# Welches Dateiensystem für viele kleine Dateien + kompression

## SarahS93

Welche Dateiensysteme eignen sich für viele kleien Dateien, bieten optionen für Kompression und verkraften es auch wenn das System ausgeschaltet anstatt runtergefahren wird?

----------

## oliver2104

Das ReiserFS wäre vielleicht dafür geignet. Verwende ich auch.

Ist ideal für viele kleine Dateien, verkraftet auch zb. einen plötzlichen Stromausfall.

Habe aber keine Erfahrung betreffend Kompressionsoptionen.

Dieses Problem hatte ich, aufgrund der heutzutage üblichen

Festplatten-Kapazitäten noch nicht.

----------

## l3u

ReiserFS ist veraltet. Ich würd einfach ext4 nehmen.

----------

## Child_of_Sun_24

So gut wie alle Dateisysteme "verkraften" ein plötzliches ausschalten, die Frage ist nur ob die zuletzt getätigten Transaktionen verworfen werden (Womit es schonmal vorkommen kann das Dateiänderungen beim nächsten Neustart wieder den vorherigen Inhalt haben).

Ext2 wäre hier am besten da es kein Journal benutzt und Änderungen sofort gespeichert werden (Könntest du natürlich auch bei ext3 und ext4 so einstellen).

Wenn es um Kompression geht fallen mir nur reiser4 und btrfs ein (Allerdings würde ich beide nicht für die Speicherung von wichtigen Dateien benutzen, zudem nehmen sie dir plötzliches ausschalten mitunter sehr übel).

Aus dem Bauch raus würde ich sagen das für dein Anwendungsgebiet kein Dateisystem mit Kompression zur Verfügung steht.

----------

## musv

ReiserFS hatte zudem das Problem der starken Fragmentierung. Auch wenn das offiziell nicht gegeben haben soll, konnte ich damals feststellen, wie die Platte immer langsamer wurde mit der Zeit. 

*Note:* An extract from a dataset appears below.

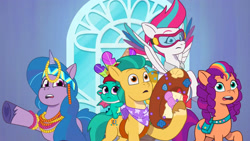 Size: 3072x1727 | Tagged: safe, screencap, hitch trailblazer, izzy moonbow, sparky sparkeroni, sunny starscout, zipp storm, dragon, earth pony, pegasus, pony, unicorn, g5, heavy is the mane that wears the fruit crown, my little pony: tell your tale, spoiler:g5, spoiler:my little pony: tell your tale, spoiler:tyts02e02, baby, baby dragon, crystal brighthouse, female, flying, frown, goggles, male, mare, open mouth, papa hitch, spread wings, stallion, wings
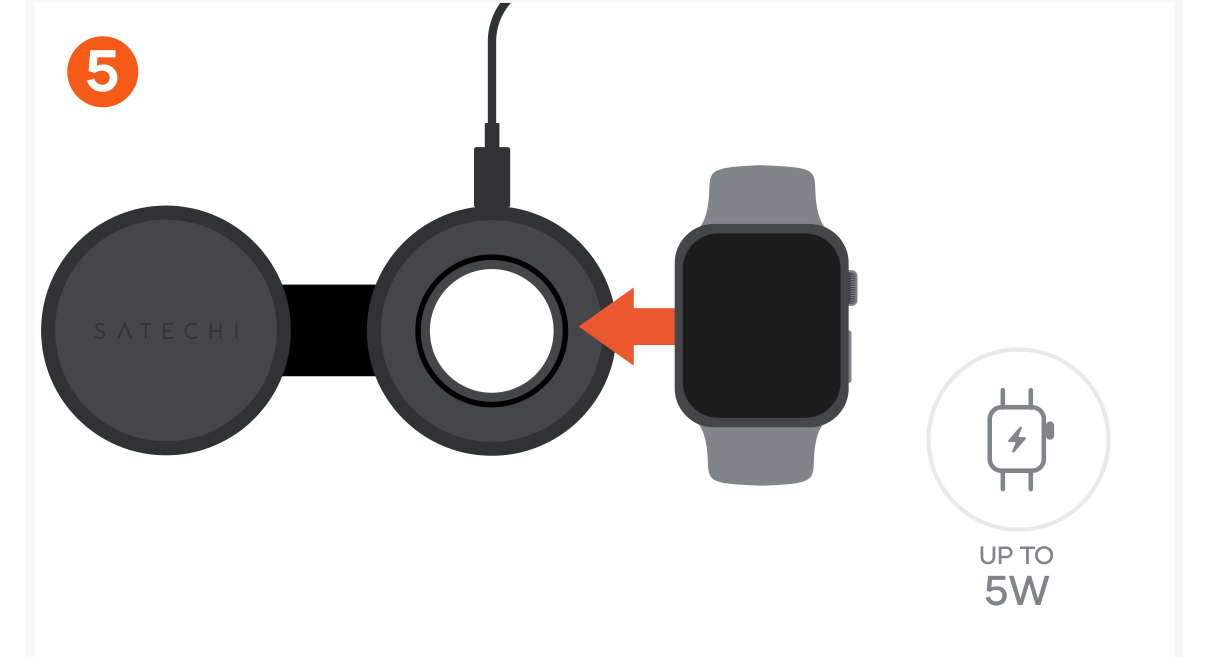 OntheGo™ Qi2 2-in-1 Wireless Charger (ST-QTG21K ST-QTG21W ST-QTG21R) Quick Start Guide step 5: Place the Apple Watch on the watch module to begin charging. Provides 5W charging for Apple Watch Ultra and Ul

Reiser4 war da schon besser und auch erstaunlich stabil in Sachen Stromausfall. Auch mit der Kompression konnte das Dateisystem punkten. Reiser4 wurde aber auch mit der Zeit langsamer und ist im Endeffekt mit Kernel-2.6.38 (endgültig?) gestorben. 

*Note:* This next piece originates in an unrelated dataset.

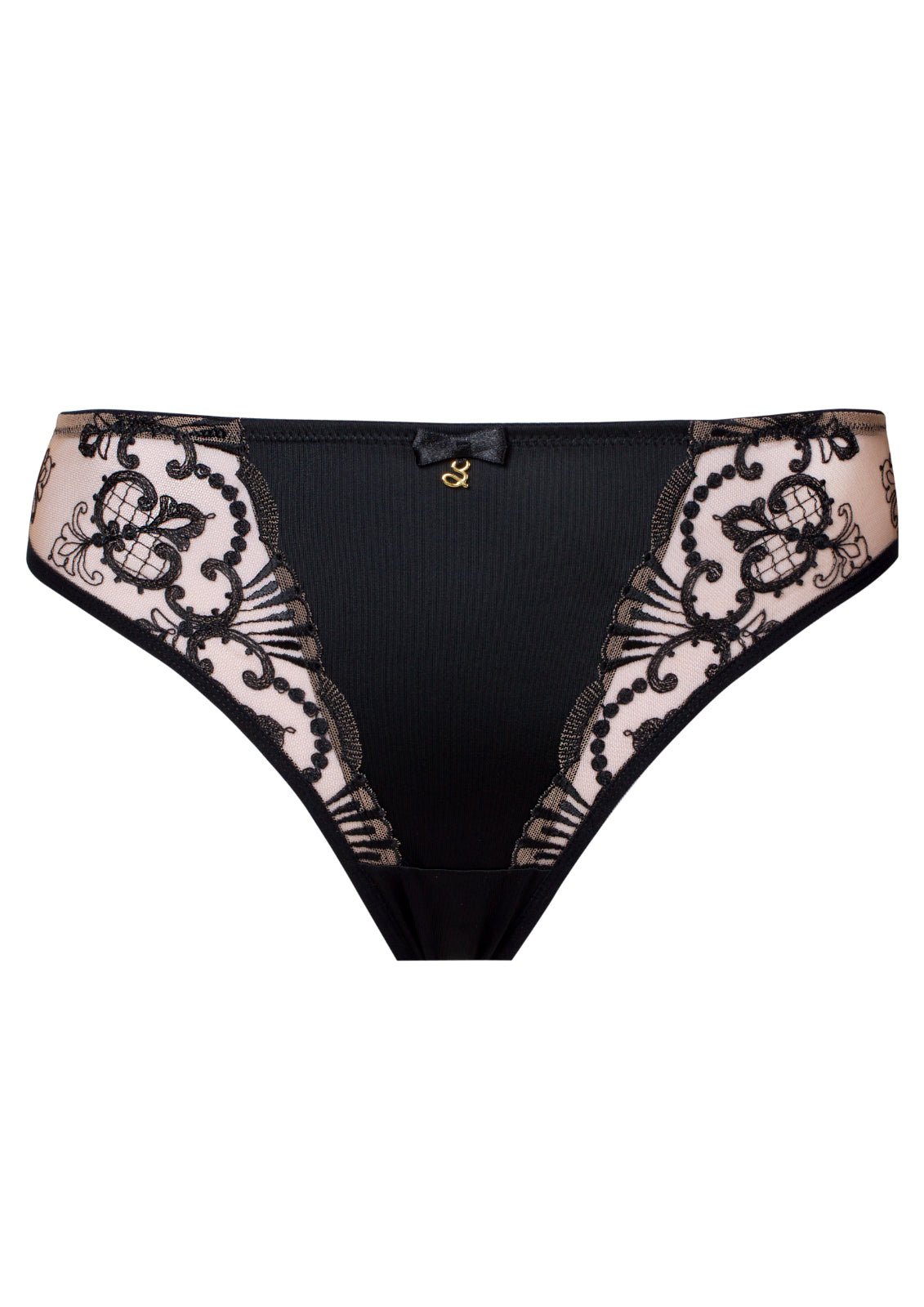 Flat lay of Perla Thong Black – Brazilian-style with embroidery and gold detail – The Foundation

Aktuell soll wohl BTRFS in Sachen kleine Dateien und Kompression eine ganz gute Wahl sein. Bei der Stabilität vertrau ich BTRFS aber noch nicht 100%-ig. Hab es jetzt schon ein paar Jahre im Einsatz. 1x hatte ich das Dateisystem abgeschossen. Weiß nicht mehr, mit welchem Befehl ich es dann repariert hatte.

----------

## Yamakuzure

ZFS. Gut mit vielen kleinen Dateien, variable LZ4-Kompression, sehr robust gegen plötzliches Abschalten.

----------

## kernelOfTruth

 *Yamakuzure wrote:*   

> ZFS. Gut mit vielen kleinen Dateien, variable LZ4-Kompression, sehr robust gegen plötzliches Abschalten.

 

kann dem nur zustimmen:

https://forums.gentoo.org/viewtopic-p-7591700.html#7591700

das Dateisystem (ZFS) hat hier schon dutzende Hardlocks, Resets, etc. überlebt ohne dass es zu Datenverlust, Inkonsistenzen, etc. gekommen ist

wenn das System immer läuft und stets auf viele kleine Dateien zugegriffen wird wäre es evtl. hilfreich eine SSD als L2ARC einzuhängen (einen Reboot überlebt der L2ARC ohne Patch noch nicht und es dauert dementsprechend

eine Weile, bis dieser wieder "warm" ist),

aus Daten-Sicherheitsgründen sollte noch eine zweite Platte ("Raid1", Mirror-Mode) eingehängt werden

und natürlich externe Backups

Btrfs läuft hier mittlerweile standardmäßig auf der Systemplatte, wobei es bis vor kurzem bei Testläufen auf zusätzlichen Backup-Platten zu Problemen mit Hängern (http://marc.info/?l=linux-btrfs&m=140742753821490&w=2) und auch mal ENOSPC (http://marc.info/?t=140702264100001&r=1&w=2) gekommen ist

bis vor einige Kernel-Versionen wirkte Btrfs auf Systemplatten noch recht fragil und Datenkorruption, Unfähigkeit zu Mounten, etc. sind aufgetreten - das sollte großteils behoben sein (es tauchen auf der Mailing-Liste immer wieder noch Bugfixes für damit in Verbindung stehende Meldungen auf)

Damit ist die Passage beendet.